◆ TASK BRIEF ◆
The response should consist only of the lines from the one with "BEDIOR 5PCS DIGITAL BED SHEET SET 10013" to the end of the data below, copied exactly and without pictures.

** Opening MATERIAL SHOWN block **

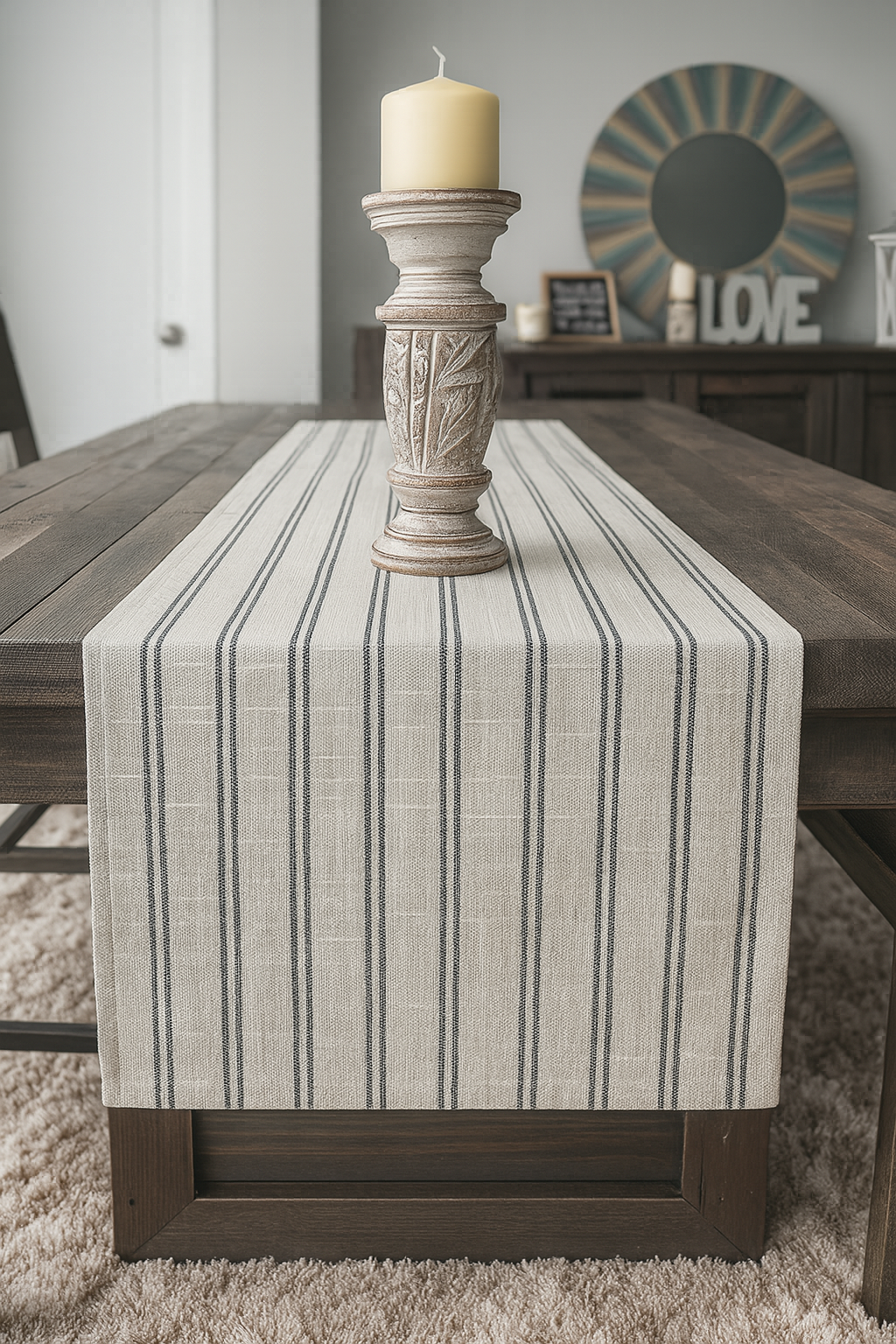 Black Striped Linen-Poly Table Runner
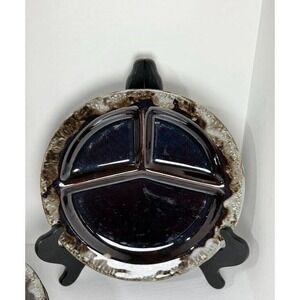 Vintage Grill Plates Brown Drip Ware Redware Stoneware Dinnerware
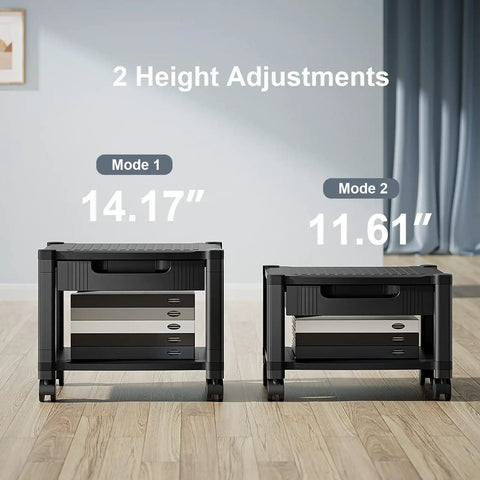 Two-tier under-desk printer stand with 2 height adjustments, rolling printer cart with locking wheels and storage drawer.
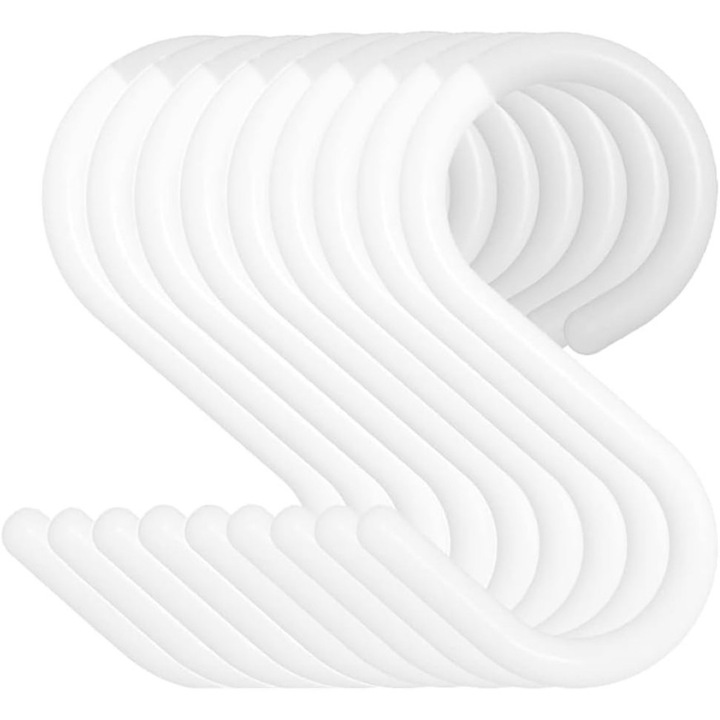 Set 9 agatatori, Polipropilena, 36x60mm, Alb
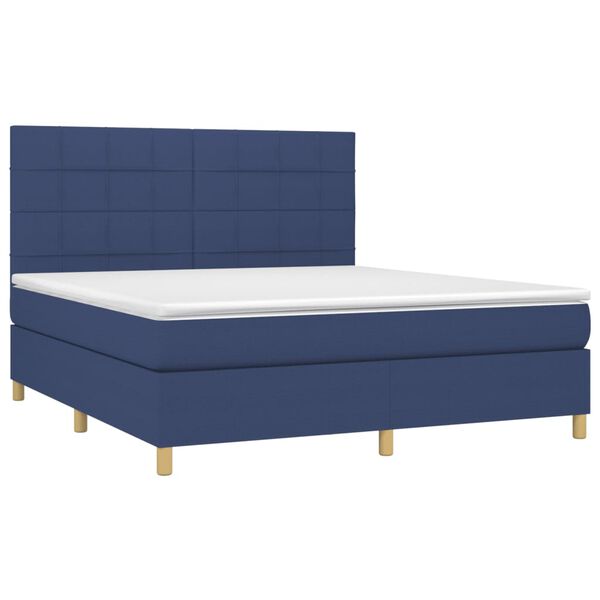 vidaXL Posteľn&yacute; r&aacute;m boxspring s matracom modr&yacute; 160x200 cm l&aacute;tka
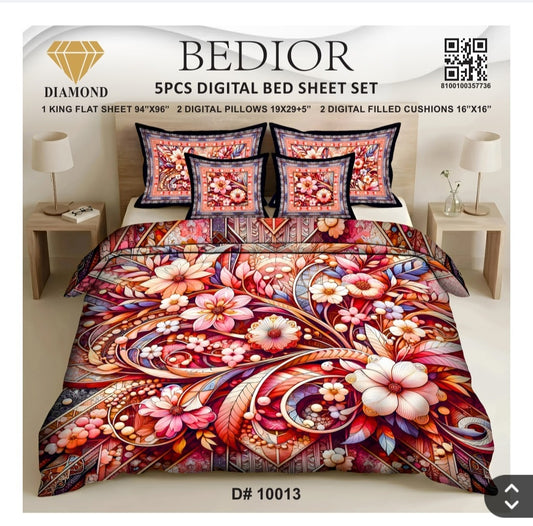 BEDIOR 5PCS DIGITAL BED SHEET SET 10013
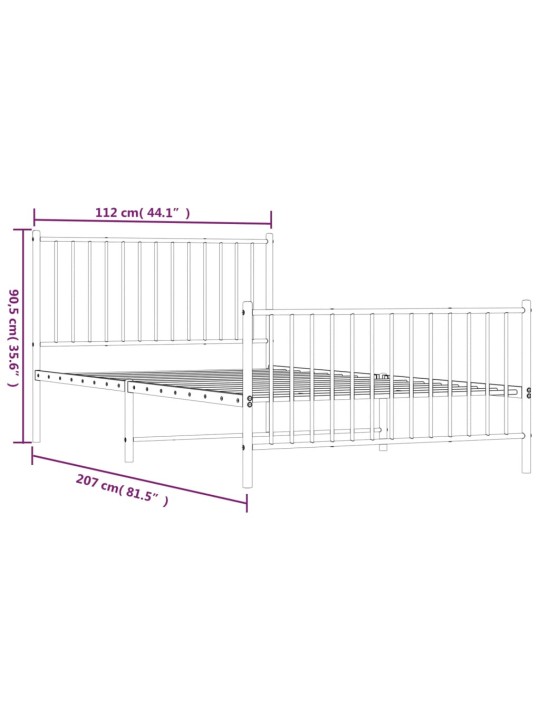 Metallinen sängynrunko päädyillä musta 107x203 cm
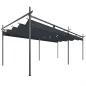 Pérgola de Jardín 6x3 m Gazebo con Techo Retráctil de Poliéster Resistente a los Rayos UV Gris Oscuro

** Closing MATERIAL SHOWN block **

◆ RESPONSE AREA ◆
 BEDIOR 5PCS DIGITAL BED SHEET SET 10013
 Metallinen sängynrunko päädyillä musta 107x203 cm
 Pérgola de Jardín 6x3 m Gazebo con Techo Retráctil de Poliéster Resistente a los Rayos UV Gris Oscuro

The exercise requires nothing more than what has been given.